User level: Since Kagi cannot tell if such domains are spam (at the moment), one way to prevent these domains from appearing in search results of users is to allow users to block all domains whose suffix is ".it". This should be a feature, since the landscape of the internet will change and the domains that are favored by spammers will shift as time passes. The user adding that domain suffix to their blocklist clearly finds that blocking certain false positives is worth the reduction of spam in their search results.
Service level: Just like uBlock Origin has certain "default" blocklists that it suggests to new users, Kagi can also curate blocklists they believe will be useful to the users.
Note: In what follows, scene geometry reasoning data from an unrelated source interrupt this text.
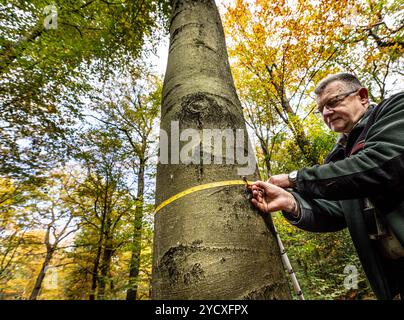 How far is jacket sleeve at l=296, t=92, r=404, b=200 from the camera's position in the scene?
913 millimetres

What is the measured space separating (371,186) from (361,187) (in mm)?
40

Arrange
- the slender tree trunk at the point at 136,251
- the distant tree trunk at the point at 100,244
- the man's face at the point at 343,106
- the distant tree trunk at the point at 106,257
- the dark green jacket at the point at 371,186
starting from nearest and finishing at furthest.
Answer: the dark green jacket at the point at 371,186, the man's face at the point at 343,106, the distant tree trunk at the point at 100,244, the distant tree trunk at the point at 106,257, the slender tree trunk at the point at 136,251

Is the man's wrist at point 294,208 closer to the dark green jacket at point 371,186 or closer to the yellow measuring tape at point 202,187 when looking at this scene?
the dark green jacket at point 371,186

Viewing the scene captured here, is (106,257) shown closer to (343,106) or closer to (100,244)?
(100,244)

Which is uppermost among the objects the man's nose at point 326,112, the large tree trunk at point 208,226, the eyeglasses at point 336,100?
the eyeglasses at point 336,100

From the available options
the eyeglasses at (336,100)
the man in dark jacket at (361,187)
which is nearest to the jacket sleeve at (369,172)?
the man in dark jacket at (361,187)

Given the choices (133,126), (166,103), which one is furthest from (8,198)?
(166,103)

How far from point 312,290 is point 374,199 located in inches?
322

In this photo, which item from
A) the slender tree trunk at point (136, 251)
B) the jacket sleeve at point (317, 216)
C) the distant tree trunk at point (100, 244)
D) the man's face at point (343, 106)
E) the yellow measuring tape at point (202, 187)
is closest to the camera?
the yellow measuring tape at point (202, 187)

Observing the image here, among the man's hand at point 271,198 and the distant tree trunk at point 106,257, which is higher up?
the man's hand at point 271,198

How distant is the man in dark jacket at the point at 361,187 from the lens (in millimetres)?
933

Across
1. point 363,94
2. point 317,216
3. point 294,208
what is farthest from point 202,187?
point 363,94

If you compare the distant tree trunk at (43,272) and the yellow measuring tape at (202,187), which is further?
the distant tree trunk at (43,272)

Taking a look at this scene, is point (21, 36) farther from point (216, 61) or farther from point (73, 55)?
point (216, 61) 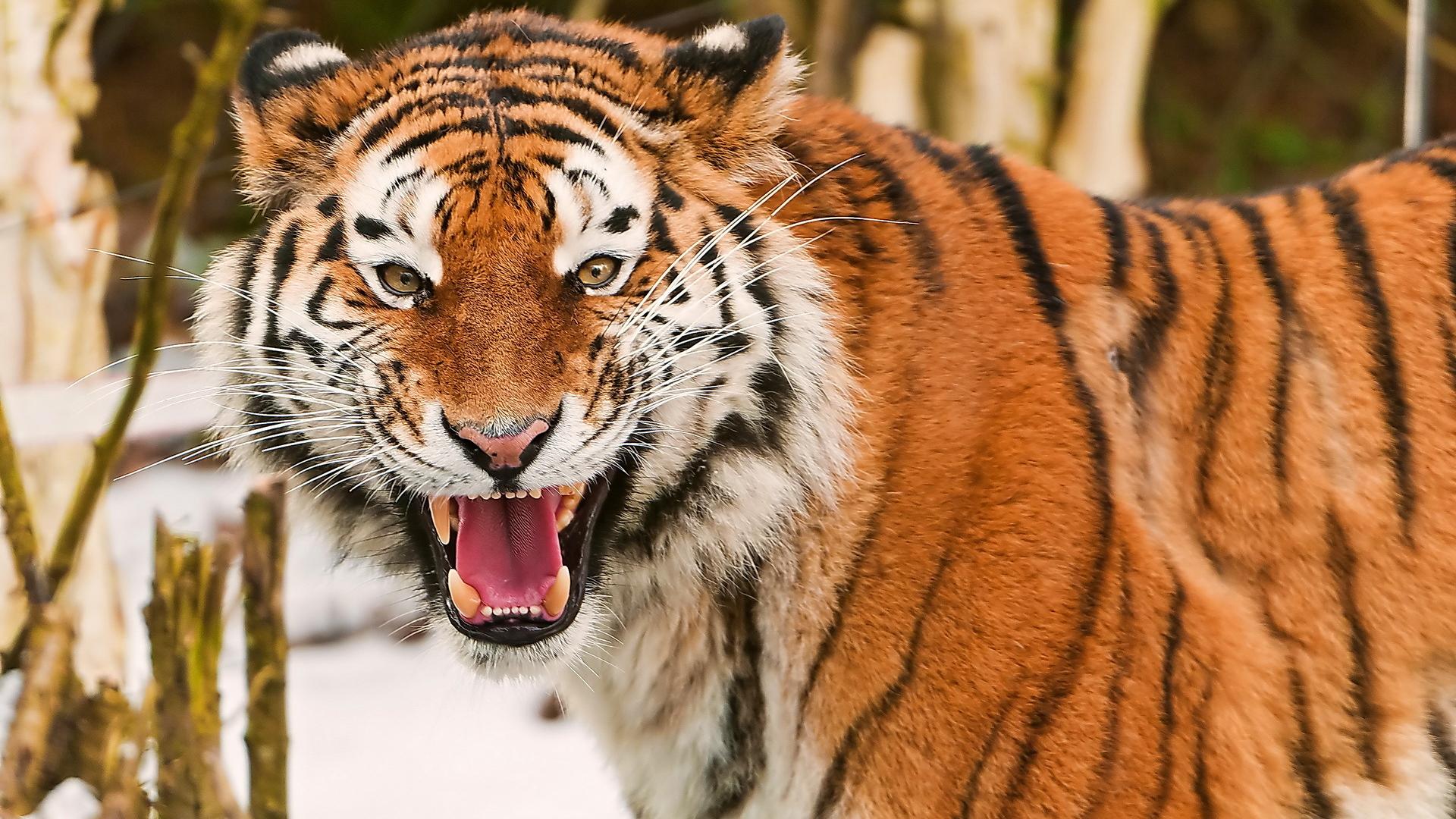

I'm uncertain as to the specifics of how this should be implemented, since that depends on Kagi and the community.
mesaoptimizer We should probably just support ublacklist format
https://github.com/iorate/ublacklist#description
such as
https://raw.githubusercontent.com/arosh/ublacklist-stackoverflow-translation/master/uBlacklist.txt
Supporting the uBlacklist format would be fantastic! Adding the ability to export in the same format would be nice too, I maintain a GitHub repo of my uBlacklist rules.
In addition to the .it domain spam, I've recently started seeing .pl spam following the same pattern of randomized domain names.
Steps to reproduce:
Try various queries? I don't have one on hand that's causing this result at the moment...
Even when coming from the US and searching in English, you may see spammy results from various .pl domains, including:
- ngmd.roofmasters.pl
- ejslxb.poradnik-kuchenny.pl
- ubl.stacjakomputerowa.pl
- mithc.lkstworkow.pl
- lwz.tomexplast.pl
- rvlir.moto-arena.pl
- rdgep.karczma-raznawozie.pl
- wgvwys.warsztat-kulinarny.pl
Expected behavior:
Results shouldn't include spammy .pl domains.
Debug info:
Firefox 103.0.1 on macOS 12.5. Kagi server US-EAST.
I'm experiencing the same issue. There's a planned feature to add uBlacklist blocklist support, which includes blocking entire TLDs.
I ran into the same .pl random domain spam earlier today. Being able to block TLDs would be fantastic
Am I right that as a workaround, until TLD blocking is implemented, it is possible to create a Lens that excludes certain TLDs from search results?
Currently Kagi can't compete with extensions like uBlacklist, when it comes to domain blocking. Trying to handle large amounts of domains is currently very difficult due to the lack of support for bulk editing and removal of domains. The ability to import public rulesets, similar to Subscriptions in uBlacklist, would make the sharing and editing of domain blacklists/whitelists much easier.
For full compatability with existing blacklists, Kagi would need support for Match Patterns and Regular Expressions. These two features by itself, without the support for importing lists, would already make Personalized Results in Kagi a lot more powerful.
Currently it is not uncommon to have large amounts of repeated domains in the Personalized Results, such as:
pinterest.com
pinterest.at
pinterest.be
pinterest.ca
pinterest.co
pinterest.ch
pinterest.cl
pinterest.de
...
Instead of manually adding these domains, users could import public lists like this. Lists like this could also be simplified to a single entry using RegEx:
/^https:\/\/\.pinterest\./
These options would make it much easier to handle large amounts of URLs.
We added Kagi support for ublacklist.
This was one of the most popular feature requests, and we shipped support today. Looking forward to your feedback.
georgee very thanks commit at uBlacklist.
I wait uBlacklist for Safari 8.7.2 (perhaps).
Because uBlacklist for Safari 8.7.1 not list kagi.
I just installed uBlacklist and it works great with Kagi, however, when viewing an image in fullscreen, blocked sites still appear in the modal (left and right of the current image). It would be nice if blocked sites could also be removed from that list.